Rusia-Ukraina: ”Security Dilemma”
Konflik Rusia dan Ukraina merupakan ”security dilemma”, di mana sudah tidak dapat lagi dibedakan tindakan-tindakan ofensif dan defensif dalam mempertahankan keamanan dan kepentingan nasional.
Mengapa terjadi Perang Rusia-Ukraina. Jawabnya beraneka dan banyak yang bertentangan. Namun, serangan militer Rusia dalam skala yang dilakukan dewasa ini adalah cara penyelesaian sengketa antarnegara pada abad ke-20.
Perang pada abad ke-20 ditandai dengan dua kali Perang Dunia serta beberapa perang besar, seperti Perang Korea dan Perang Vietnam, serta berbagai konflik di Timur Tengah dan wilayah-wilayah lain, seperti Afghanistan dalam skala yang lebih kecil, tetapi berdampak besar.

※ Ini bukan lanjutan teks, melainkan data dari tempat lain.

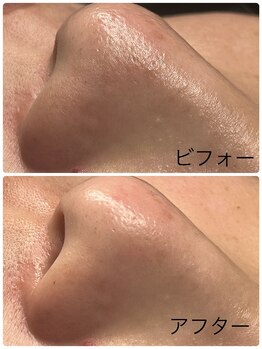 ポマイカイ 名古屋丸の内店(pomaikai)の写真/毛穴洗浄で汚れた角質を除去！名古屋のエステで感動の毛穴ケアを体験♪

Selalu ditandai dengan ofensif militer satu negara atas negara lainnya atau aliansi negara pendukungnya.
Perang jenis ini selalu meninggalkan korban fisik dan warga sipil; jutaan orang mengungsi ke negeri asing dan menimbulkan masalah kemanusiaan baru.
Abad ke-21, yang telah berlangsung dua dasawarsa, ditandai dengan hubungan antarnegara yang makin mengglobal, meminjam istilah Dani Rodrik, profesor ekonomi politik dari Harvard: hyper globalization. Tidak ada lagi dua kutub ideologi yang berhadapan diametral, seperti pada saat Perang Dingin. Kehidupan di dunia, baik individu maupun sosial, ekonomi maupun politik, makin menyatu, difasilitasi dengan kemajuan teknologi komunikasi dan digital yang berkembang sangat pesat.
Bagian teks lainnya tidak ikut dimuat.